The governor told a local reporter that they’ve been out since January, which would be at least two weeks prior to trapping that wolf. This is where it gets a little wonky. Gianforte was setting traps on a private ranch owned by a big conservative media mogul. And that guy’s ranch manager (who’s also the vice president of the Montana Trappers Association)—his name was also on these traps. And so there’s a good chance that the ranch manager was actually checking the traps for Gianforte. And maybe Gianforte was lucky enough that he was just down there on a federal holiday, and there was the wolf, after two or more weeks of waiting for the animal to get trapped. Was it just serendipitous?

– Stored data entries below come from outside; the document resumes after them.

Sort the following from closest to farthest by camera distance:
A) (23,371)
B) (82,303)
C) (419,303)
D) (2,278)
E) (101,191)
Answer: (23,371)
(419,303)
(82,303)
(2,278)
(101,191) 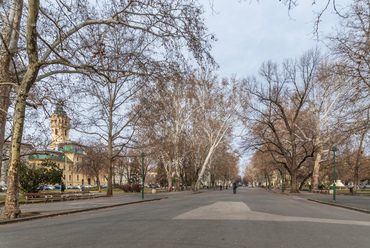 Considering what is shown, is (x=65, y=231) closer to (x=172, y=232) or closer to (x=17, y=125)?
(x=172, y=232)

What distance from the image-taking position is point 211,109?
4425cm

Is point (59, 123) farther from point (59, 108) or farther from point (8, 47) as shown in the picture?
point (8, 47)

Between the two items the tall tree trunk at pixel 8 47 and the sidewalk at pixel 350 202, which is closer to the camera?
the tall tree trunk at pixel 8 47

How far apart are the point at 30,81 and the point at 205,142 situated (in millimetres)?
42983

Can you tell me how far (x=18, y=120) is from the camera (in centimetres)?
1114

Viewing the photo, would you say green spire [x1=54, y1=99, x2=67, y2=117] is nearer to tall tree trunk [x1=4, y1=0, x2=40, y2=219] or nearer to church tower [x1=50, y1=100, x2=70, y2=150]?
church tower [x1=50, y1=100, x2=70, y2=150]

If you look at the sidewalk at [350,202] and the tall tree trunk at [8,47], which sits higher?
the tall tree trunk at [8,47]

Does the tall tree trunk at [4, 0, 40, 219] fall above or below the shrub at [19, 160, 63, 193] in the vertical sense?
above

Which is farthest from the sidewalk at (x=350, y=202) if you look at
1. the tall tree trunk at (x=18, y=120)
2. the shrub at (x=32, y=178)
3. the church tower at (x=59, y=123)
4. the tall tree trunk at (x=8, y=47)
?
the shrub at (x=32, y=178)

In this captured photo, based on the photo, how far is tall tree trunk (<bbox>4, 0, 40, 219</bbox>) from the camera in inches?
419

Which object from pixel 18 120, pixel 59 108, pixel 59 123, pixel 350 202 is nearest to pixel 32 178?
pixel 59 123

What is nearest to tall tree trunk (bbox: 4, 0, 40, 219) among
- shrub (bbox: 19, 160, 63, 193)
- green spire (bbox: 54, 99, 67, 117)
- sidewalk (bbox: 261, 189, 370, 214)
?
green spire (bbox: 54, 99, 67, 117)

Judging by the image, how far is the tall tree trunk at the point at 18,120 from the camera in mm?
10633

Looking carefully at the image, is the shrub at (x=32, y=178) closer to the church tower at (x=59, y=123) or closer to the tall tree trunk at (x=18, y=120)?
the church tower at (x=59, y=123) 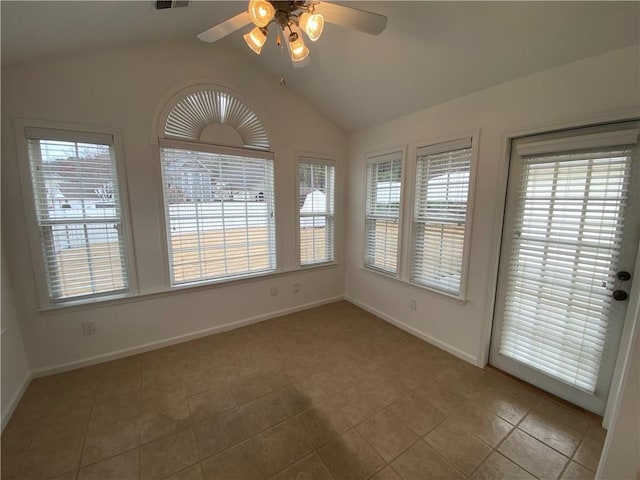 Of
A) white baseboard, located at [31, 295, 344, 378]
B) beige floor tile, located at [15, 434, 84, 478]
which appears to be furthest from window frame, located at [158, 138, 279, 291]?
beige floor tile, located at [15, 434, 84, 478]

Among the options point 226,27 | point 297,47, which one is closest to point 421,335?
point 297,47

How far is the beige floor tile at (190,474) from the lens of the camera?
53.3 inches

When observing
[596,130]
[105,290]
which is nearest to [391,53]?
[596,130]

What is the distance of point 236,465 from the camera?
1.43 m

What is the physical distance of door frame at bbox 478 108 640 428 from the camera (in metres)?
1.53

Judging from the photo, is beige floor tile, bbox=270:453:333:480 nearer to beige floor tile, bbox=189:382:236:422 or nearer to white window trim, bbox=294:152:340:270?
beige floor tile, bbox=189:382:236:422

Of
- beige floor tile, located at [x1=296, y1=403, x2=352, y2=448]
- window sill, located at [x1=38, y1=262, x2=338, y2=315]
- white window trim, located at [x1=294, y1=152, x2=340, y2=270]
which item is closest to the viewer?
beige floor tile, located at [x1=296, y1=403, x2=352, y2=448]

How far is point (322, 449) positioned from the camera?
1517 mm

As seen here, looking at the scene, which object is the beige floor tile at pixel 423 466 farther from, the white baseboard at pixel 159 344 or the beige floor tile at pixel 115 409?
the white baseboard at pixel 159 344

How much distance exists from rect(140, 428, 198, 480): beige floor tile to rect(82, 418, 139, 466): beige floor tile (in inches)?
5.1

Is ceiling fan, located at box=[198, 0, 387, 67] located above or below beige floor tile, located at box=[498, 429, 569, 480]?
above

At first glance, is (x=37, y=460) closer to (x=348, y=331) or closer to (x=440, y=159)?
(x=348, y=331)

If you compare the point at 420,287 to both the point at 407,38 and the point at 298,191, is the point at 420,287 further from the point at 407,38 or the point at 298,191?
the point at 407,38

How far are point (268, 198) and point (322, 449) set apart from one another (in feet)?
7.77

Or was the wolf trapped, and the ranch manager found it and called Gianforte? I don’t want to say either way, but that’s my biggest question. If the ranch manager called Gianforte, and Gianforte drove or flew over to kill it, that would have broken the state hunting regulations. You’re supposed to kill it or release it immediately upon seeing it. It’s the more humane thing to do.

Can you tell me about the debates happening with the wolf management policy?

The state legislature is Republican controlled, and for the first time in a couple of decades, we have a Republican governor. And one of their top priorities is pushing through a slate of bills that would make it a lot easier to hunt and trap more wolves, with the goal of reducing the population of wolves in the state. And there’s talk of reimbursing people for the cost to hunt a wolf, which critics call a bounty.

What else do people from outside the state need to know to understand this story?

Wolves are super controversial. In the West, they do kill livestock. Some people rely on cows and sheep to make a living. On the other hand, Montana relies on a lot of tourism. Maybe you went to Yellowstone National Park to see those wolves. The wolves are a big boon for our tourism industry. And so it’s just kind of a very classic push-and-pull between those two camps. Americans had pretty much eradicated the wolf from the West up until 1995, when they were reintroduced in Yellowstone National Park. And so it’s still very fresh. They’re like a symbol for the kind of culture wars that happen out West.

Were there any major hurdles you encountered when reporting this story?

I was frustrated with the governor’s office for not answering the questions I posed to them and for not making the governor available for an interview. I think that that’s something we’ve noticed since the Trump era.

Gianforte is famously antagonistic towards reporters.

Yeah, absolutely. It’s just a bummer. Because there has been a culture in the past of openness among both Republicans and Democrats. And it’s been frustrating to watch that culture of openness change. It doesn’t feel very Montanan.